__Input for this task__:
────────────────────

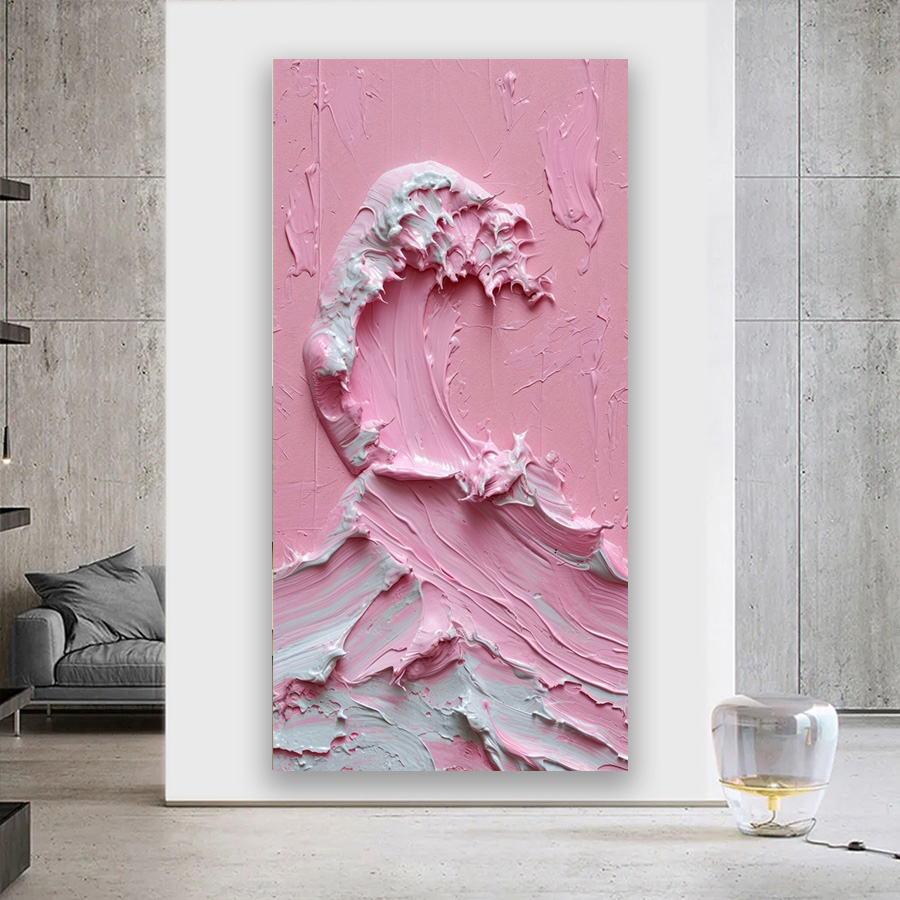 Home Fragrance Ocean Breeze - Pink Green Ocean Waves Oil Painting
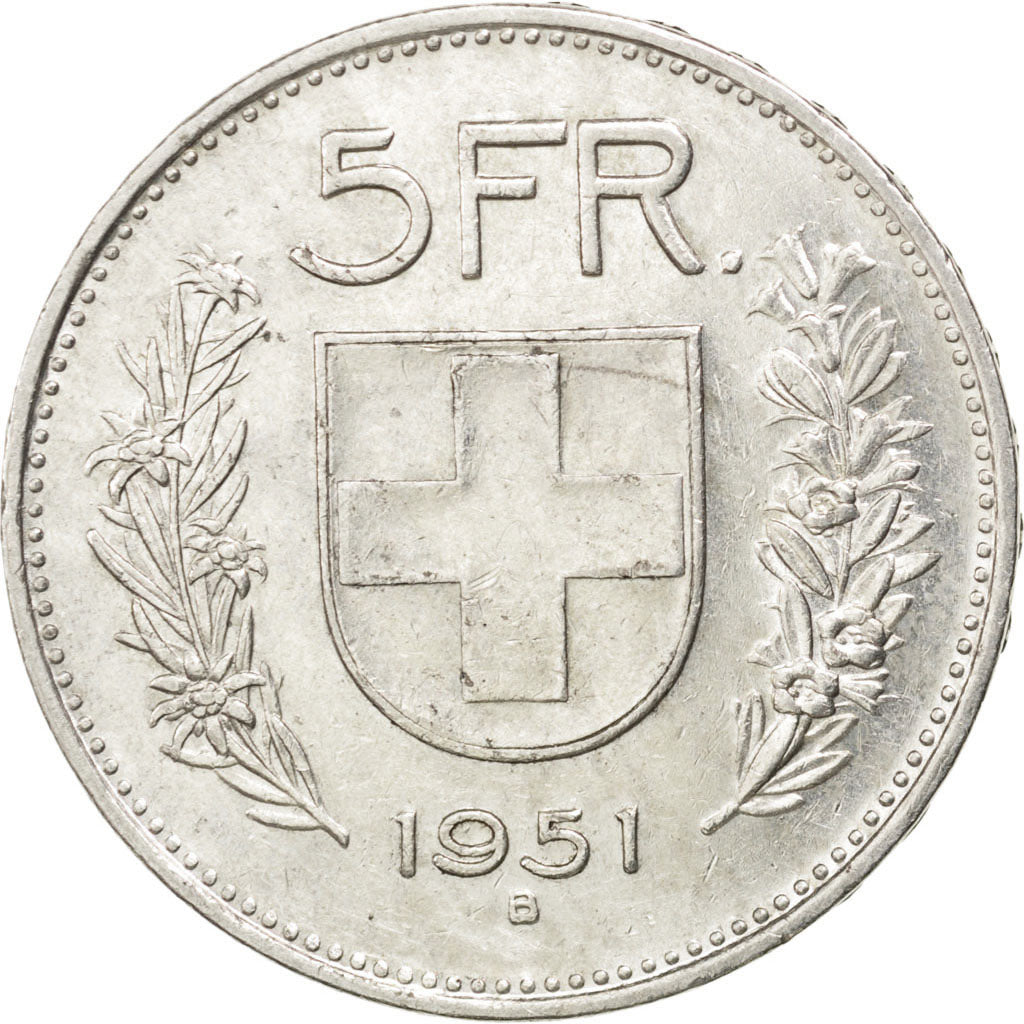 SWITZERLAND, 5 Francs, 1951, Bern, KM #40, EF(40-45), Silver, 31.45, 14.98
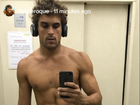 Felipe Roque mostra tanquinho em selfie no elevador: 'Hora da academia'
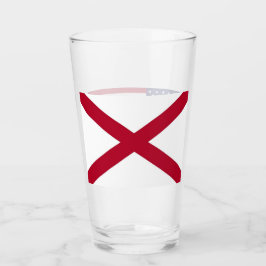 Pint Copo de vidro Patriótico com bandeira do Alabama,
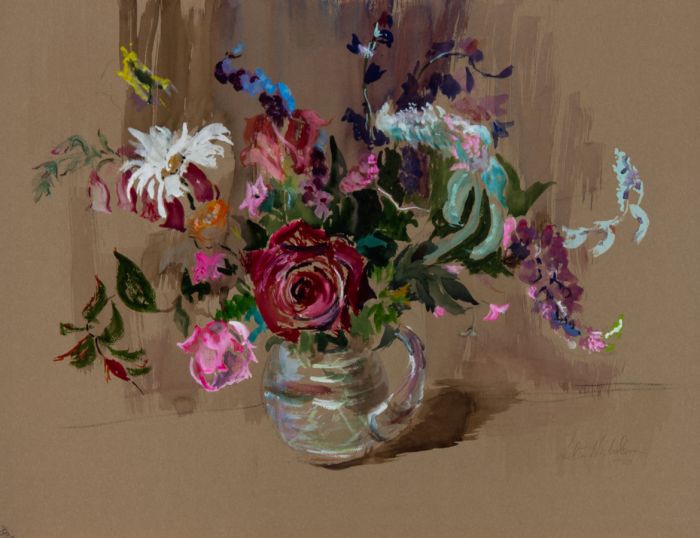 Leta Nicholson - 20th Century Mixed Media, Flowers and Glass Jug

────────────────────

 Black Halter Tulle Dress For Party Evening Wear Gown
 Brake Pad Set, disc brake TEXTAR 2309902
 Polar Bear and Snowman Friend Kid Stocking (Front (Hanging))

────────────────────

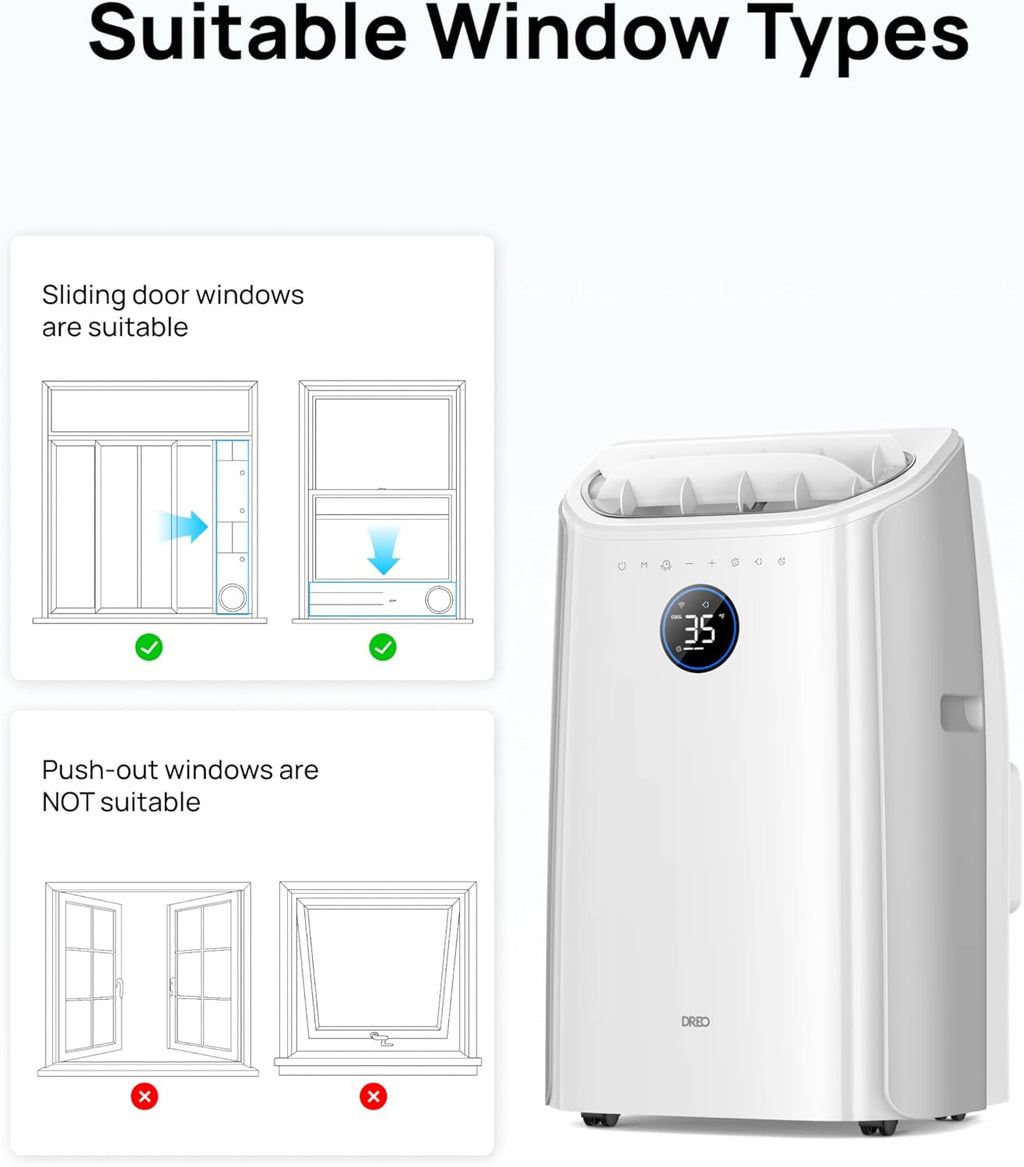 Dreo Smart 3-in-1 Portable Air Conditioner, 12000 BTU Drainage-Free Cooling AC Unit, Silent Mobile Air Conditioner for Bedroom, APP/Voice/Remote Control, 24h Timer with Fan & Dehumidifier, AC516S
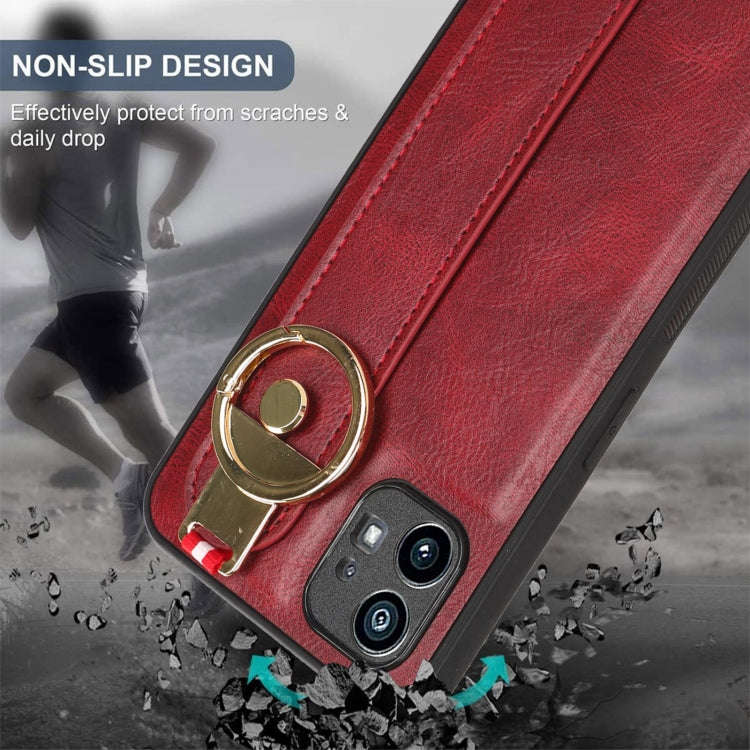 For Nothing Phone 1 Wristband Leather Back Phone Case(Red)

────────────────────

__Activity__:
Beginning with the line above that contains "Home Fragrance Ocean" and finishing with the line that contains "Felipe Roque mostra", print those lines exactly and only. Skip all pictures.

__Exercise solution__:
 Home Fragrance Ocean Breeze - Pink Green Ocean Waves Oil Painting
 SWITZERLAND, 5 Francs, 1951, Bern, KM #40, EF(40-45), Silver, 31.45, 14.98
 Felipe Roque mostra tanquinho em selfie no elevador: 'Hora da academia'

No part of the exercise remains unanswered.